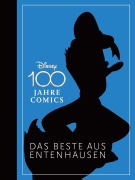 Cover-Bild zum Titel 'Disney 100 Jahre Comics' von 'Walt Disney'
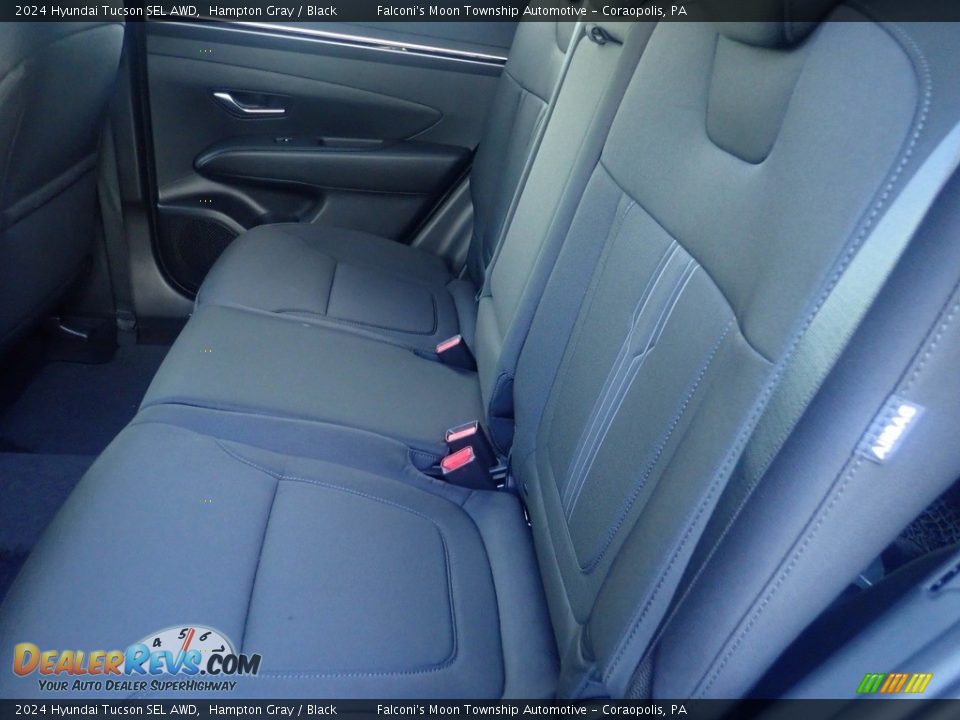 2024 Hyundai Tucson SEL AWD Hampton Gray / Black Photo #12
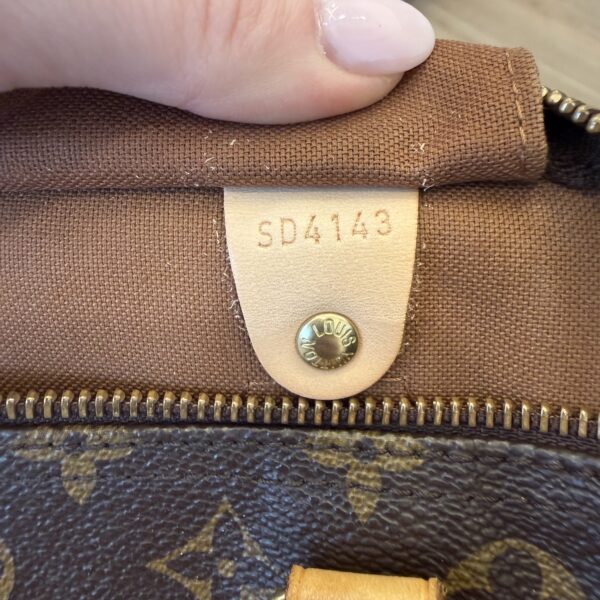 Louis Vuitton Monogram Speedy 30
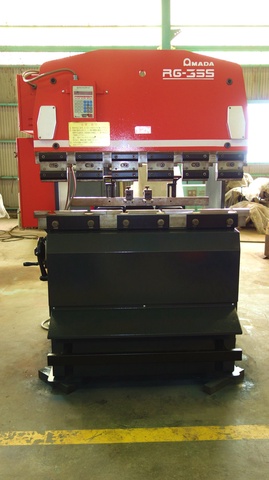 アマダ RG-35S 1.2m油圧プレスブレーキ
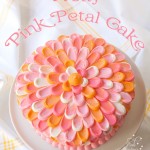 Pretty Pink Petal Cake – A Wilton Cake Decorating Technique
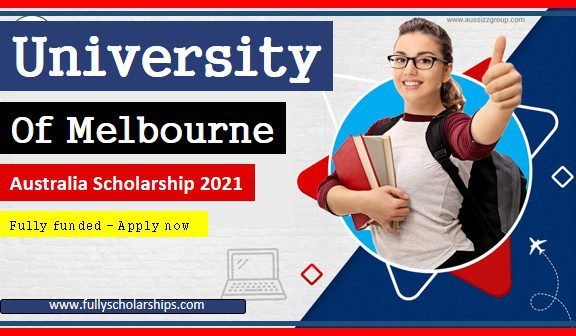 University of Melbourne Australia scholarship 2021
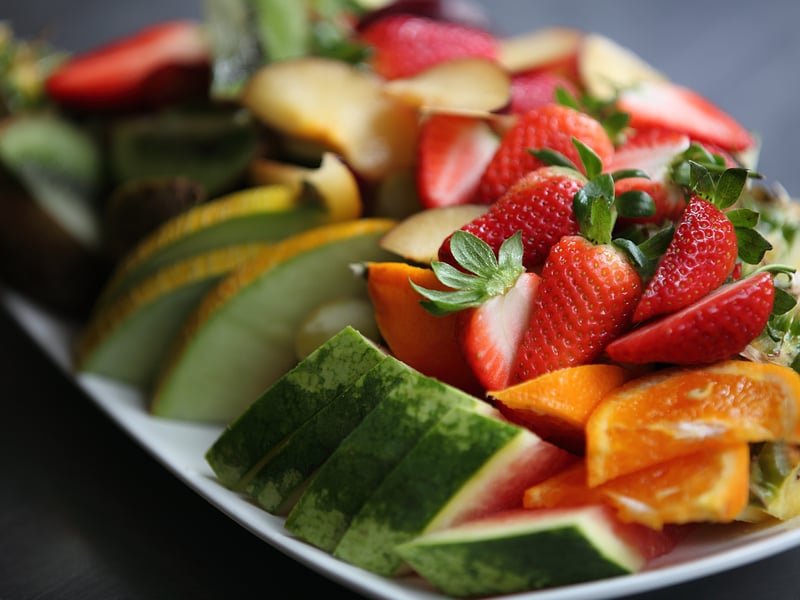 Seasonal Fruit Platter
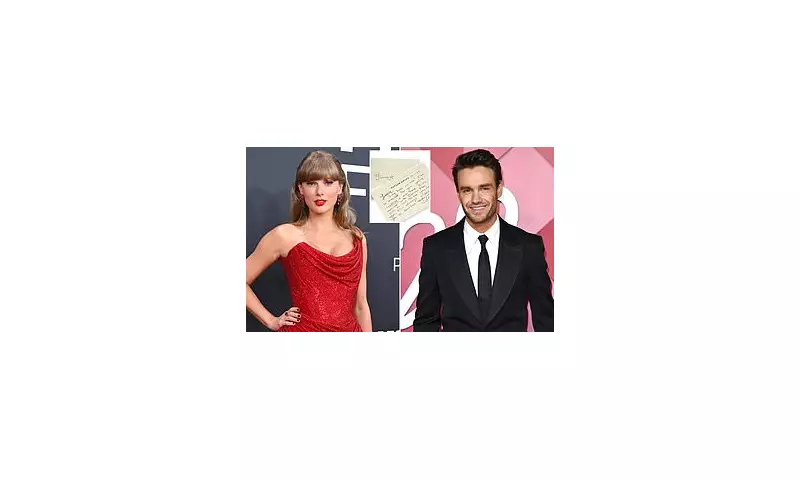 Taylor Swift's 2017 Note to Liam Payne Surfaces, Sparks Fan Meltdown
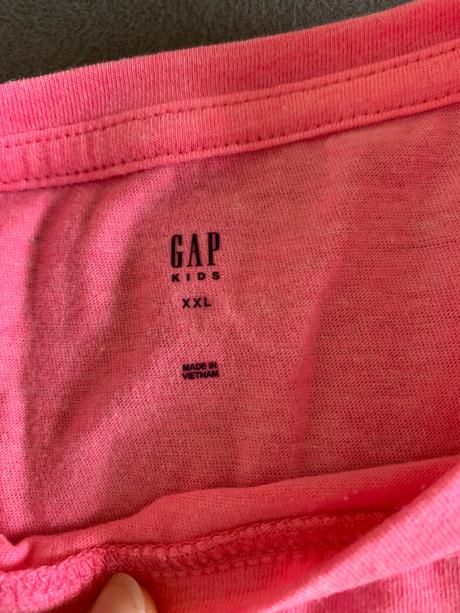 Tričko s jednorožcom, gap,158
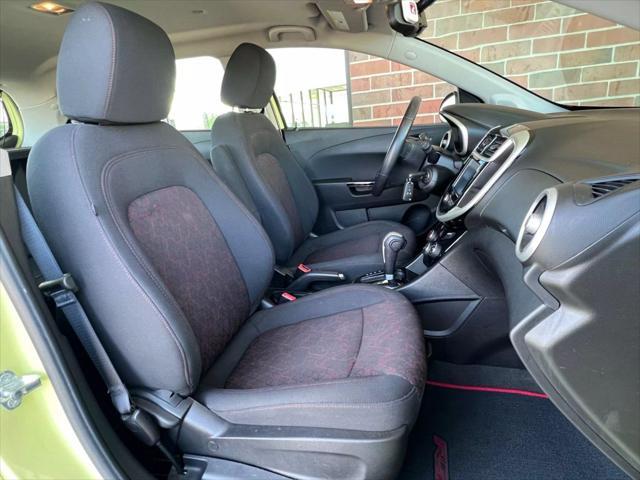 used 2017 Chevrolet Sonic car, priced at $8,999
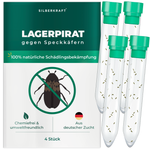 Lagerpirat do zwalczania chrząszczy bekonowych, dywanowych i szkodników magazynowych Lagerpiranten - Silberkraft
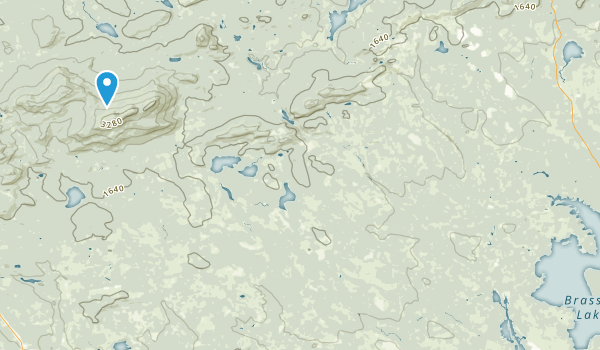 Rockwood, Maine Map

----------------

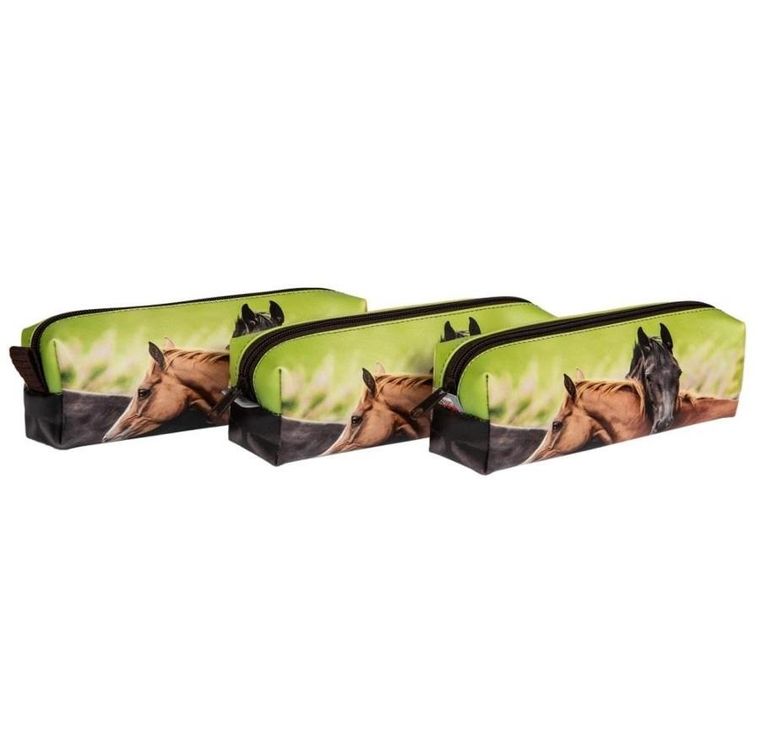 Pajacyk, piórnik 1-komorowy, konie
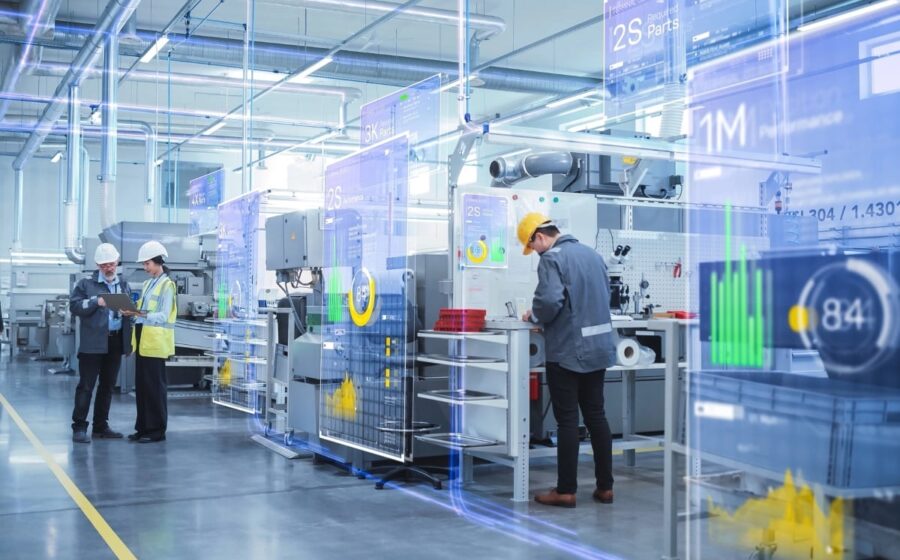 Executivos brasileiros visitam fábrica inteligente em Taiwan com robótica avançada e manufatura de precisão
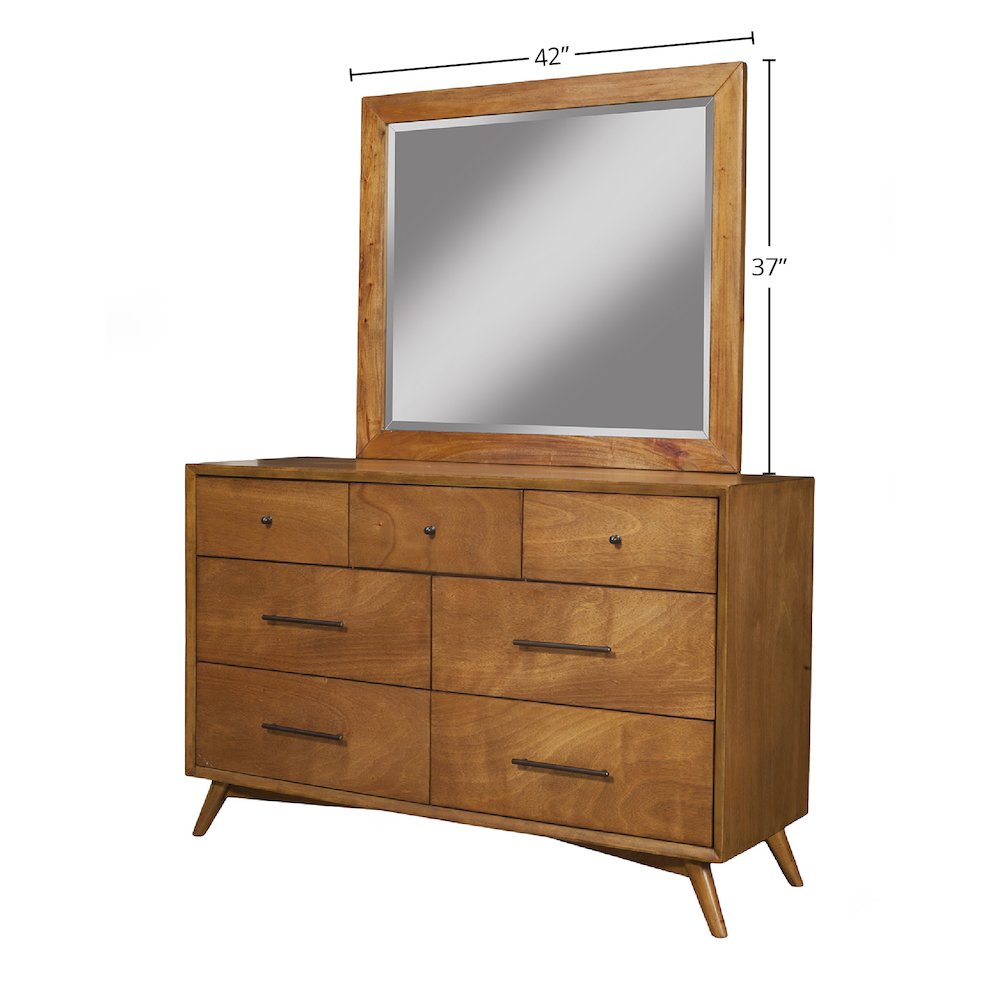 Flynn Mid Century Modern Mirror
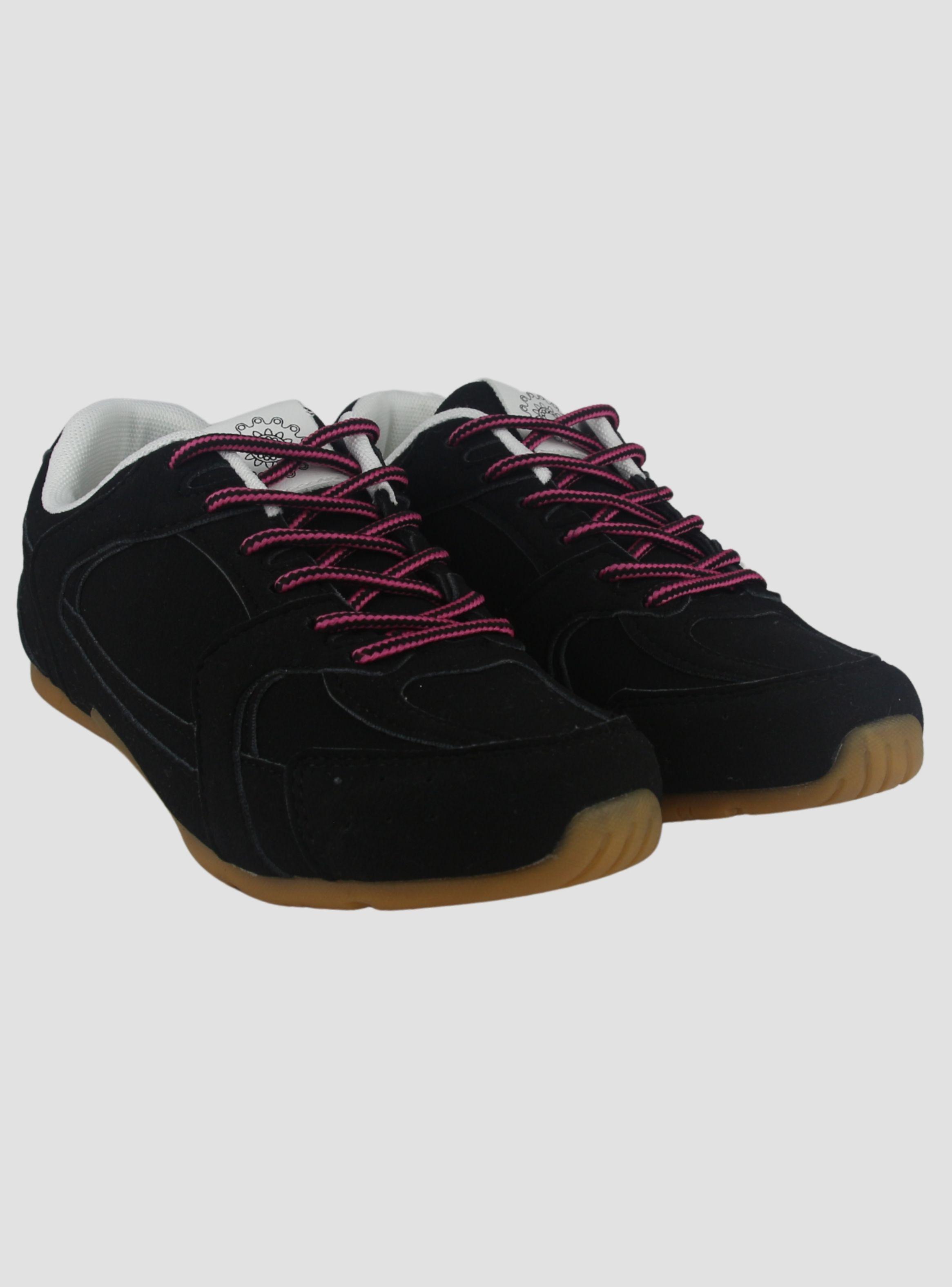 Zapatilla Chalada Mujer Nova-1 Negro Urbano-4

----------------

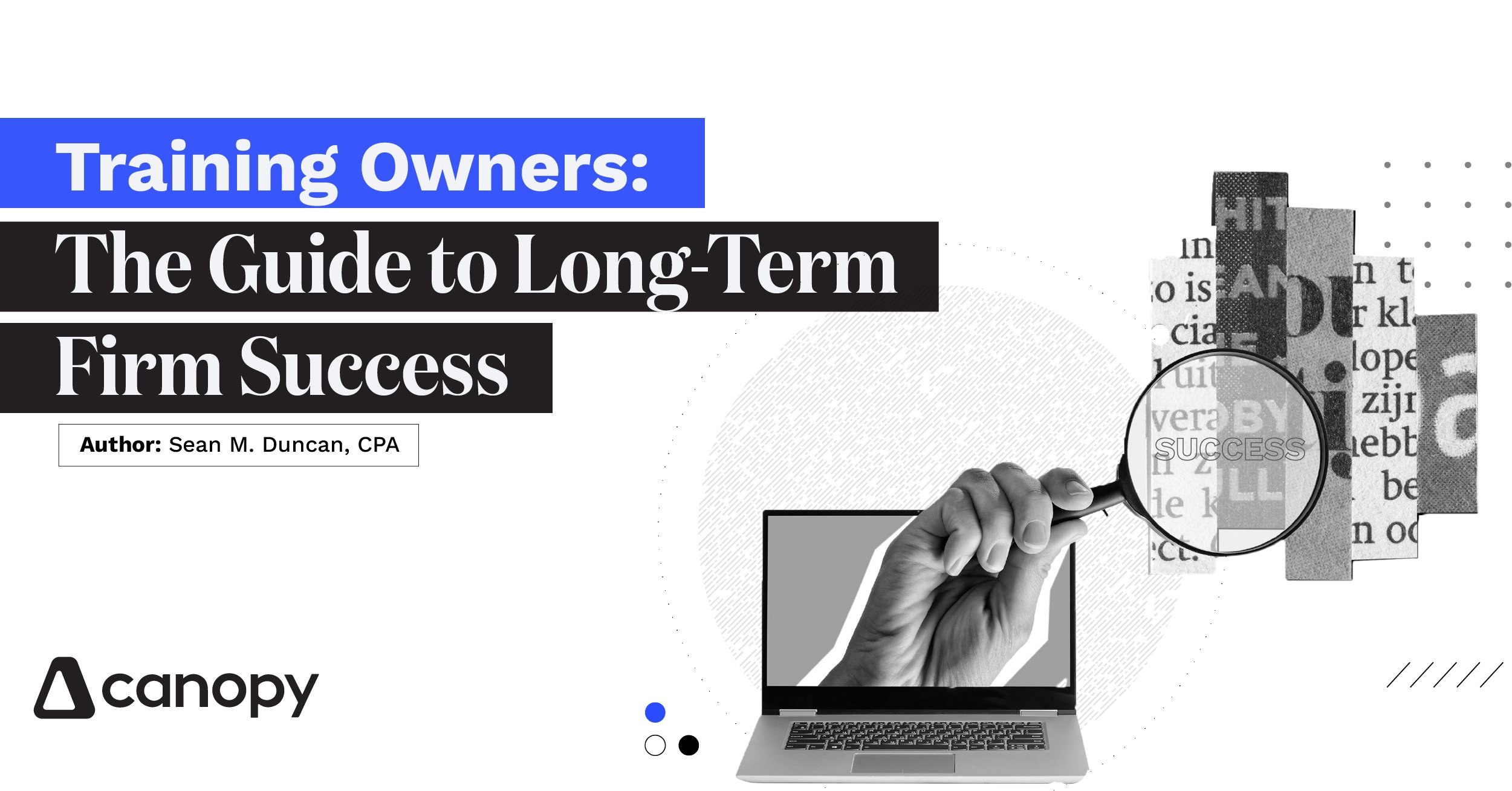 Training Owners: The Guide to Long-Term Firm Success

----------------

[What you have to do]
Please copy the lines above exactly, starting at the line that holds "Taylor Swift's 2017" and ending at the line that holds "Rockwood, Maine Map"; include both, but no pictures.

[Response to the exercise]
 Taylor Swift's 2017 Note to Liam Payne Surfaces, Sparks Fan Meltdown
 Tričko s jednorožcom, gap,158
 used 2017 Chevrolet Sonic car, priced at $8,999
 Lagerpirat do zwalczania chrząszczy bekonowych, dywanowych i szkodników magazynowych Lagerpiranten - Silberkraft
 Rockwood, Maine Map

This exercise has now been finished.